Manchester United 0 Valencia 0: Jose Mourinho's side booed off at full-time as pressure mounts on Portuguese boss

This is the real Manchester United, going through the motions with another wooden, graceless performance at the Theatre of Dreams.

Once more, this time with enthusiasm fellas.

Champions League nights at Old Trafford are not a practice run, they are not a dress rehearsal for something a lot further down the line.

It is four without a win for United, the sort of depressing run against mediocre opposition that a Mourinho team of old would have put away for fun.
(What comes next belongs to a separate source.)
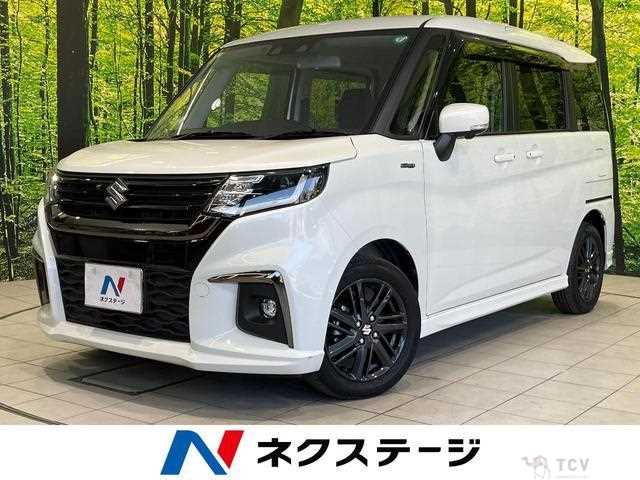 2024 Suzuki Suzuki Others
Wolves, Derby, West Ham and Valencia, last night’s opponents, are the sort of sides United would be scoring threes and fours past in their illustrious history.


Instead, they have not won any of them.

This wretched, unconvincing performance in front of their own fans was disrespectful to the 73,000 disciples who made their way to this sporting cathedral to watch their idols. Fallen idols, now.

United supporters booed off their team at full-time. They were entitled to so much more.

A top class performance, by way of apology for the pitiful manner of the 3-1 defeat at West Ham last Saturday, would have been a good start.


What they got was another pedestrian performance.

This is borderline intolerable because these players, whatever their groans and gripes with the Special One, are barely lifting a leg.

It is no way for a United team to play.

They did not really want to win it, certainly not in the cavalier style that their worldwide support demands after decades of dominance.

United should have been tearing into Valencia, putting the fear of god into them with one of those rampant, relentless attacking displays.

This was another protest performance.

There wasn’t a single seven out of ten in a United shirt.

This was 4s, 5s and 6s again, the same as it was when the goals started to fly past David de Gea at the London Stadium.

Paul Pogba, his name booed by a few of the locals when his name was announced before kick-off, was lamentable.

Could he really leave Old Trafford last night, look at himself in the mirror in the way Nemanja Matic spoke about, and say that he tried to set the tone in midfield?

This is drab and dreary, with the top table executives praying it will all fall into place for Mourinho and these players after weeks of rancour and recrimination.

Not gonna happen, Ed.

Mourinho tried to get them going, like a yo-yo as he swapped his seat in the dug-out for the edge of the technical area every few minutes.

He knows the score, that his job is on the line after failing miserably in his attempts to get these slackers to fall back into line.

This is an unruly, obstinate bunch of highly-paid footballers.

Beyond the opening 10 minutes or so, when the Stretford End demanded a high-tempo reaction their ruinous defeat at the Hammers, United could not be persuaded to turn on the style.

Marcus Rashford, scorer of United’s goal in London, had a couple of first half digs, but none of them were struck with any conviction.

When Alexis Sanchez shaped up to take a free-kick, nobody really believed the winger would put the ball in the back of Neto’s neto.

His effort cannoned off the wall and Eric Bailly inexplicably lobbed the rebound to nobody in particular and out for a goal kick.

That sort of carry on will get Mourinho’s goat.

So, too, is the kind of heavy touch from Romelu Lukaku at the start of the second half that he ran out of play out on the left.

At this level, with his weekly wage, it is unforgivable.

By then Old Trafford had lost patience with the players, repeatedly screaming “attack” as Pogba, Sanchez and Marouane Fellaini prodded the ball around in midfield.

This is not the United way.

The stars of yesteryear watching on glumly the stands – Law, Beckham, Giggs – could have told these under-achievers a bit about this shirt.

Brian McClair did, battering the coach and players with an icy blast on social media. It is impossible to disagree.

Even when United showed willing, with Pogba’s 63rd minute free-kick flipped over the bar by Neto, it still did not feel like a famous nail-biting United night was about to unfold.

They even tried to lose it 67 minutes in when Pogba recklessly gave the ball away.

Michy Batshuayi was waiting in the centre, with the former Chelsea striker connecting Rodrigo’s knockdown but sending it sweetly over Neto’s crossbar.

Mourinho was spewing, turning on his heels and throwing his arms up in the air after another lapse in concentration.

It is becoming a habit.

The cheers that greeted the substitution of Sanchez, sarcastically applauding his detractors as he made his way off, told another story.

What a plot line this club is turning into.